Description of problem: CNS as docker registry backend storage installation failed with 'dict object' has no attribute 'fsGroup' error. Version-Release number of the following components: openshift-ansible-3.10.0-0.30.0.git.0.4f02952.el7 How reproducible: 100% Steps to Reproduce: 1. Install OCP, CNS as docker-registry backend storage. # cat hosts ... openshift_hosted_registry_storage_kind=glusterfs ... [glusterfs_registry] gulsterfs1.example.com glusterfs_devices="['/dev/vsda']" glusterfs2.example.com glusterfs_devices="['/dev/vsda']" glusterfs3.example.com glusterfs_devices="['/dev/vsda']" ... 2. 3. Actual results: # ansible-playbook -i hosts -v /usr/share/ansible/openshift-ansible/playbooks/prerequisites.yml ... # ansible-playbook -i hosts -v /usr/share/ansible/openshift-ansible/playbooks/deploy_cluster.yml ... TASK [openshift_hosted : Determine registry fsGroup] *************************** Friday 27 April 2018 05:53:37 -0400 (0:00:32.866) 0:19:49.765 ********** fatal: [master.example.com]: FAILED! => {"failed": true, "msg": "The task includes an option with an undefined variable. The error was: 'dict object' has no attribute 'fsGroup'\n\nThe error appears to have been in '/home/slave3/workspace/Launch Environment Flexy/private-openshift-ansible/roles/openshift_hosted/tasks/storage/glusterfs.yml': line 24, column 3, but may\nbe elsewhere in the file depending on the exact syntax problem.\n\nThe offending line appears to be:\n\n\n- name: Determine registry fsGroup\n ^ here\n\nexception type: <class 'ansible.errors.AnsibleUndefinedVariable'>\nexception: 'dict object' has no attribute 'fsGroup'"} ... Failure summary: 1. Hosts: master.example.com Play: Poll for hosted pod deployments Task: Determine registry fsGroup Message: The task includes an option with an undefined variable. The error was: 'dict object' has no attribute 'fsGroup' The error appears to have been in '/usr/share/ansible/openshift-ansible/roles/openshift_hosted/tasks/storage/glusterfs.yml': line 24, column 3, but may be elsewhere in the file depending on the exact syntax problem. The offending line appears to be: - name: Determine registry fsGroup ^ here exception type: <class 'ansible.errors.AnsibleUndefinedVariable'> exception: 'dict object' has no attribute 'fsGroup' ... Expected results: Should pass here. Additional info:
Could you provide your full inventory file as well as the output of "oc get -o yaml" and "oc describe" for one of the registry pods?
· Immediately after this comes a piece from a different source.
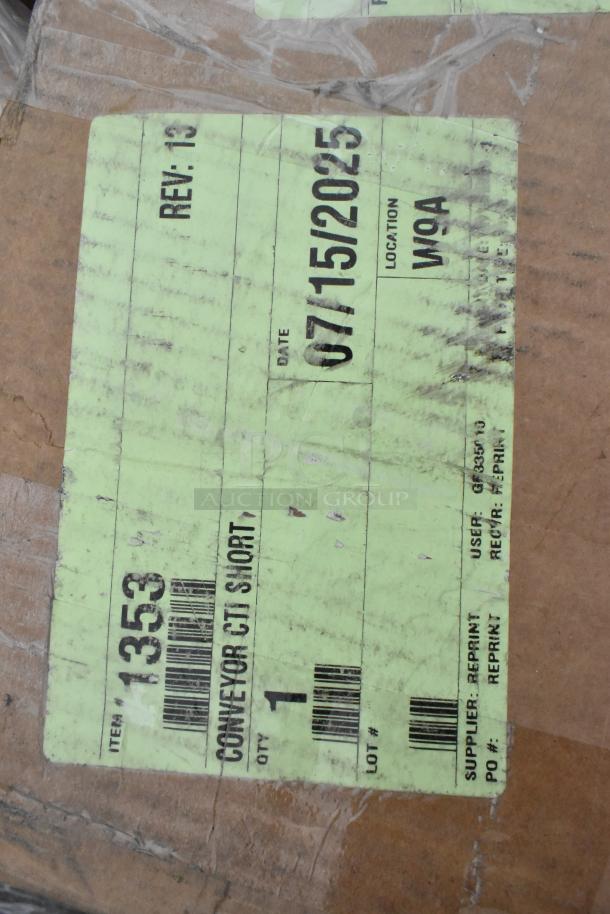 Cardboard box with a green label showing item 1353, "Conveyor Cjt Short," dated 07/15/2025, location W9A.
Finally had a good look at this... is this consistently reproducible? Does it reproduce in 3.9 or 3.7?
(In reply to Jose A. Rivera from comment #6) > Finally had a good look at this... is this consistently reproducible? Does > it reproduce in 3.9 or 3.7? Try with openshift-ansible-3.7.44-1.git.0.dbb912c.el7 and openshift-ansible-3.9.27-1.git.0.52e35b5.el7, it doesn't reproduce. Take another shoot in openshift-ansible-3.10.0-0.31.0.git.0.9f771c7.el7, it reproduce.
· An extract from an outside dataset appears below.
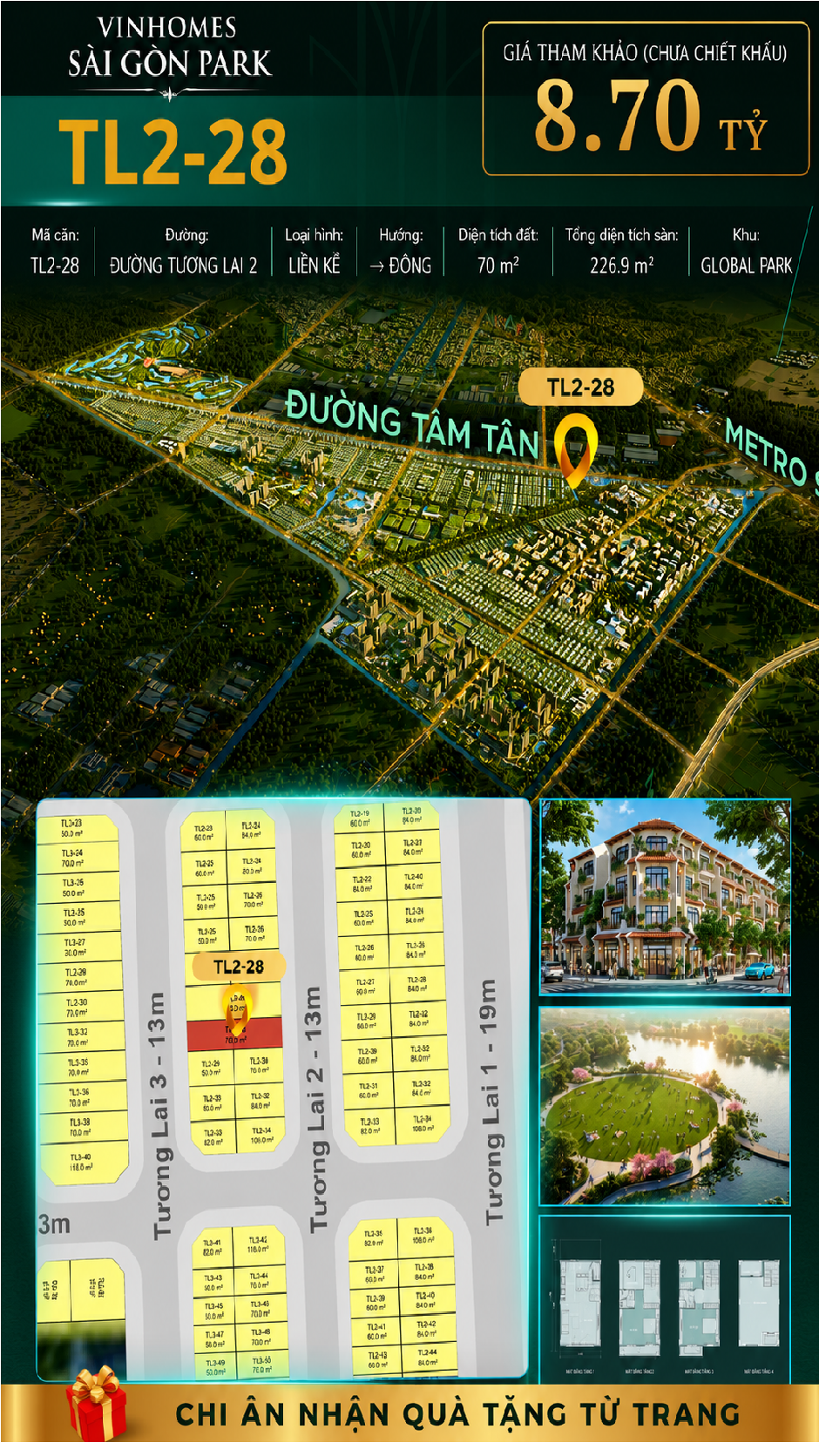 Nhà phố liền kề TL2-28 GLOBAL PARK Vinhomes Sài Gòn Park Giá 8.70 Tỷ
Created attachment 1430335 [details] oc get pods
Created attachment 1430336 [details] oc get -o yaml pod docker-registry-1-5dfcb
Created attachment 1430337 [details] oc describe pod docker-registry-1-5dfcb
Created attachment 1430338 [details] ansible-playbook -i inventory.ini playbooks/deploy_cluster.yml
Created attachment 1430341 [details] inventory.ini
The same problem. See attachments. # oc version oc v3.10.0-alpha.0+428152d-936 kubernetes v1.10.0+b81c8f8 features: Basic-Auth GSSAPI Kerberos SPNEGO Server https://openshift.guillen.io:8443 openshift v3.10.0-alpha.0+428152d-936 kubernetes v1.10.0+b81c8f8
Sorry for the delay, I've been traveling a lot lately. Similarly sorry to ask fro more info, but could you try again on 3.9 (which should succeed) and grab the output of "oc get -o yaml" and "oc describe" for one of the registry pods? I currently don't have immediate access to an OCP environment to test myself. Mostly I'm looking to see if 3.9 reports an "fsGroup" field. Scott, any immediate ideas if something has changed in the hosted registry from 3.9 to 3.10 that might explain this?
I was afraid of this. In the 3.9 output, the registry pod has: securityContext: fsGroup: 1000000000 But in the 3.10 output the securityContext field is blank. I'll try to look into this, hopefully someone else can chime in with more wisdom in the meantime.
Is the following configured in 3.9 but not 3.10 on the nodes in /etc/origin/node/node-config.yaml volumeConfig: localQuota: perFSGroup I'm not aware of any changes in registry actual deployment.
Alexi, Any ideas on why the registry would have fsGroup set in 3.9 but not 3.10?
I don't know. We didn't change it.
Scott, I checked the node-config templates and the volumeConfig stanza is the same between 3.9 and 3.10. Any other ideas?
There were some volumeConfig changes that were recently added to 3.10 to account for changes in Origin. Lets retest with the latest openshift-ansible. https://github.com/openshift/openshift-ansible/pull/8450 Which is included in openshift-ansible-3.10.0-0.51.0 and later.
Verified with version openshift-ansible-3.10.0-0.54.0.git.0.537c485.el7, it doesn't appear now.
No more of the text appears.